Vous êtes parti, la France l'a accepté, vous êtes non-résident. La question suivante surprend beaucoup de gens : vous payez encore des impôts en France, et parfois plus qu'avant.

Voici sur quoi, et à quel taux.

Le principe

La France conserve le droit d'imposer vos revenus de source française, quel que soit votre lieu de résidence. Ce qui vient d'ailleurs ne la regarde plus, ce qui vient d'ici reste dans son champ.

Sont typiquement concernés :

  • les revenus fonciers d'un bien situé en France ;
  • les plus-values immobilières sur un bien français ;
  • les salaires correspondant à une activité exercée en France ;
  • certaines pensions, selon la convention applicable ;
  • les revenus de capitaux mobiliers de source française, selon les cas.

Le taux minimum de 20%, et comment y échapper

C'est la règle qui coûte le plus cher aux revenus modestes.

L'article 197 A du code général des impôts prévoit un taux minimum d'imposition sur les revenus de source française d'un non-résident :

Fraction du revenu net imposable Taux minimum
Jusqu'à environ 29 000 € 20%
Au-delà 30%

Un retraité modeste qui aurait été non imposable en France peut donc se retrouver imposé à 20% une fois parti. C'est contre-intuitif, et c'est le cas le plus fréquent de mauvaise surprise.

La sortie existe et elle est méconnue. Vous pouvez demander l'application du taux moyen qui résulterait de l'imposition de vos revenus mondiaux au barème français, s'il vous est plus favorable. Il faut le demander, justifier de l'ensemble de vos revenus mondiaux, et ce n'est pas automatique.

Pour beaucoup de non-résidents à revenus modestes, cette demande fait la différence entre 20% et presque rien.

Les prélèvements sociaux, et la règle qui divise par deux

Sur les revenus fonciers et les plus-values immobilières, s'ajoutent des prélèvements sociaux.

Situation Taux
Cas général 17,2%
Affilié à un régime de sécurité sociale de l'EEE ou de Suisse 7,5%

Ce taux réduit, le prélèvement de solidarité, s'applique aux personnes affiliées à un régime obligatoire de sécurité sociale d'un État de l'Espace économique européen ou de la Suisse, et non affiliées en France.

Il faut le demander et le justifier. Un expatrié au Portugal ou en Espagne qui l'ignore paie 17,2% au lieu de 7,5% sur ses loyers français, année après année.

Un expatrié à Dubaï, à Maurice ou au Canada n'y a pas droit : le taux réduit est réservé aux régimes européens.

L'immobilier français, le cas le plus fréquent

C'est de très loin la première source de revenus français d'un expatrié.

Vos loyers sont imposés au taux minimum de 20% ou 30%, plus les prélèvements sociaux à 17,2% ou 7,5%. Selon les cas, la charge totale se situe donc entre environ 27% et 47%.

À la revente, la plus-value immobilière française est imposée en France, avec les abattements pour durée de détention de droit commun, et une éventuelle taxe sur les plus-values élevées.
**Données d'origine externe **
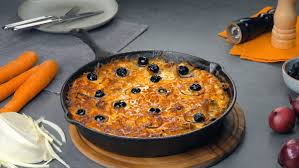 Maybe you would like to learn more about one of these? Sfiziosa Frittata Al Forno Con Salsiccia Cavolo Cappuccio E Anelli Di Cipolla Rossa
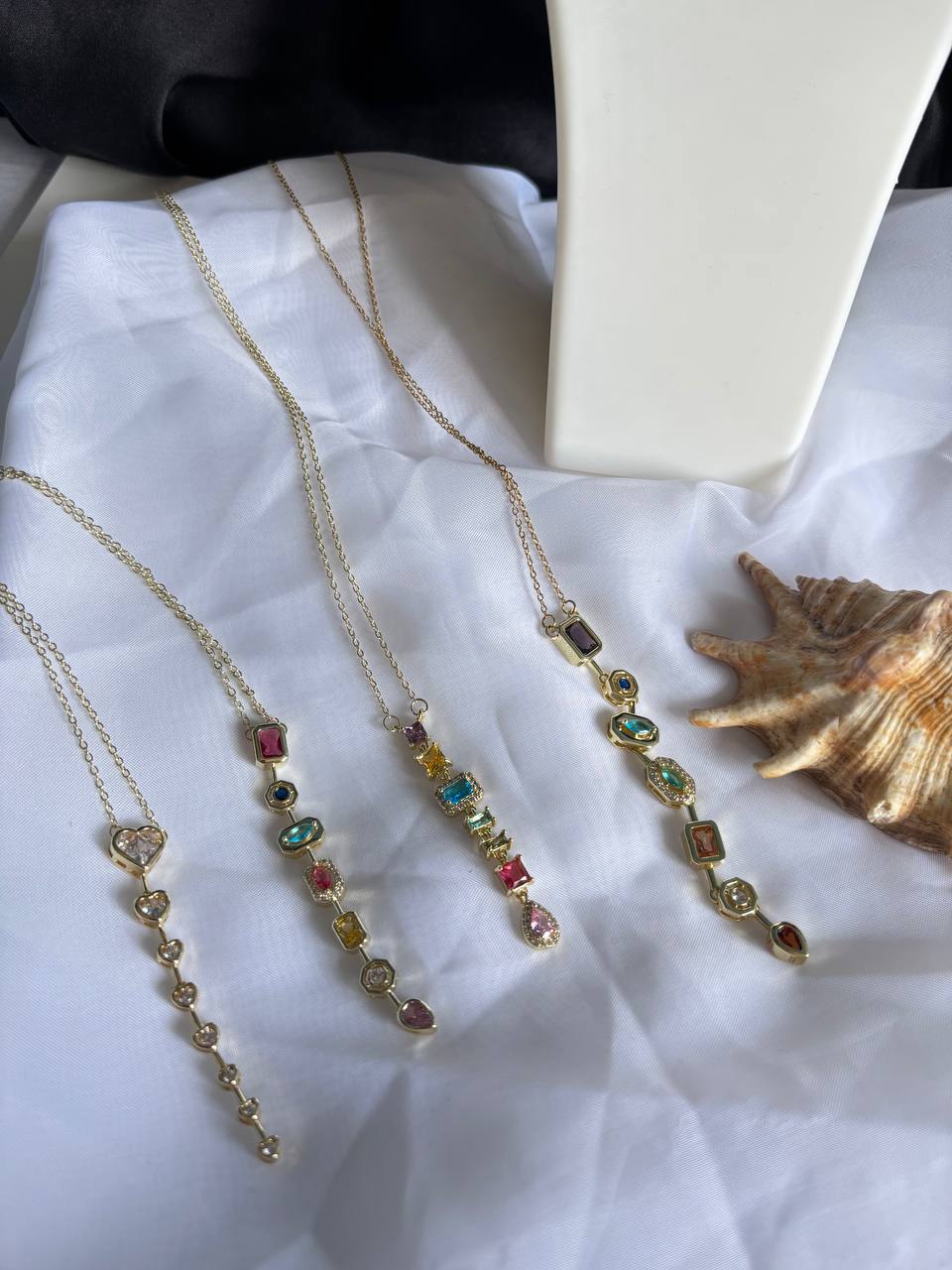 Melis Goral Y Necklace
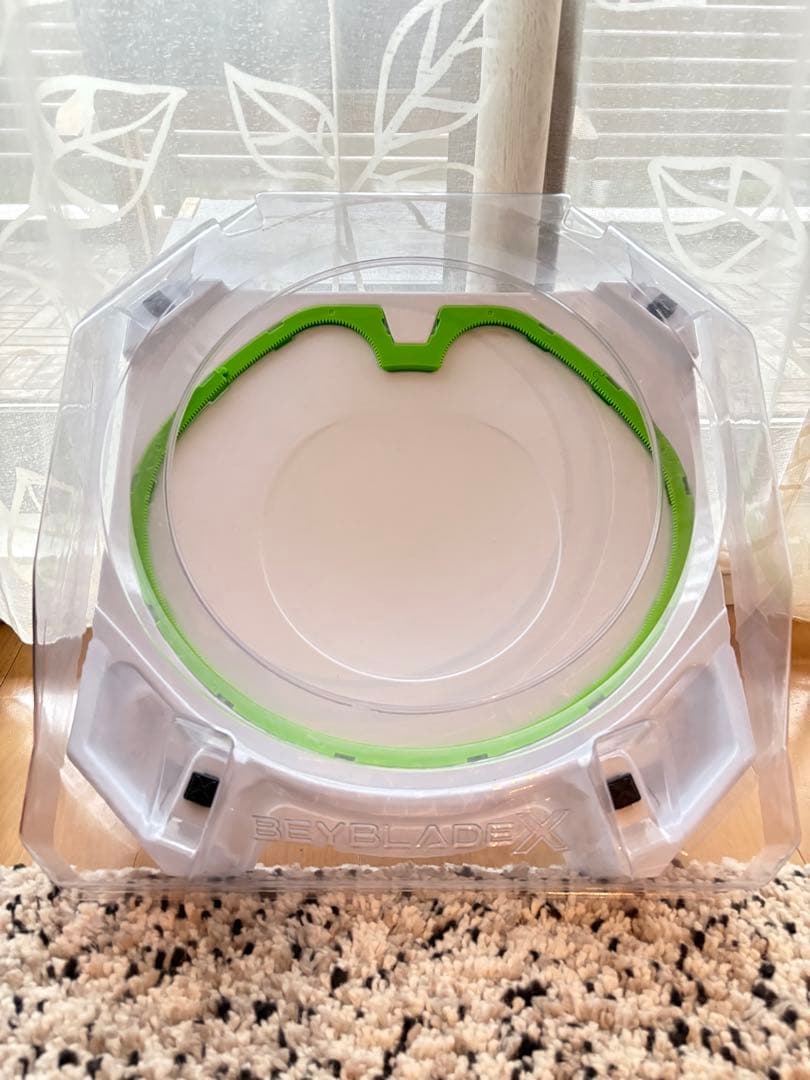 ベイブレードＸ　引退品 ベイブレードスタジアム ベイブレード本体 ランチャー￼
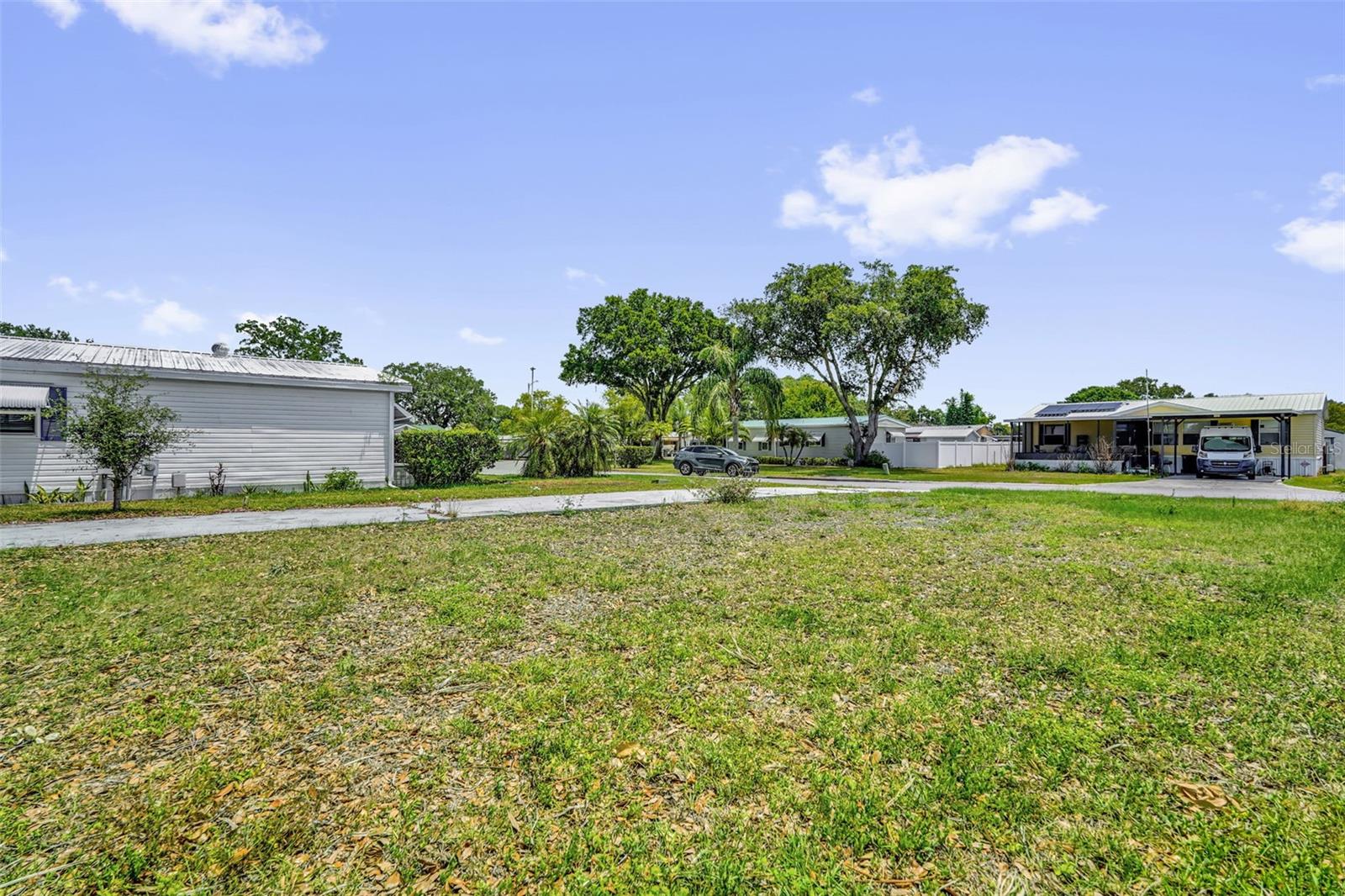LAKE MARIANA ACRES - Land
Selon votre pays de résidence, la désignation d'un représentant fiscal peut être exigée.

Les obligations qui restent

Une déclaration annuelle, auprès du service des impôts des particuliers non-résidents, dès lors que vous avez des revenus de source française.

La déclaration des comptes détenus à l'étranger ne vous concerne plus une fois non-résident, mais elle vous concernait encore pour l'année du départ.

Le prélèvement à la source s'applique différemment, avec une retenue spécifique sur les salaires et pensions de source française.

Ce qu'il faut retenir

Partir ne coupe pas le lien avec la France, il le réduit à ce qui vient d'ici. Et pour la plupart des expatriés, ce qui vient d'ici, c'est un appartement.

Deux démarches valent de l'argent réel et sont massivement oubliées : demander le taux moyen si vos revenus sont modestes, et demander le taux réduit de 7,5% si vous êtes affilié en Europe. Ni l'une ni l'autre n'est automatique.

Avant tout cela, il faut avoir réellement quitté la France : voir devenir non-résident fiscal, et l'exit tax si vous détenez des participations importantes.

Sources

Règles vérifiées en août 2026 auprès des articles 4 B et 197 A du code général des impôts et de la doctrine publiée au BOFiP. Une erreur signalée est corrigée.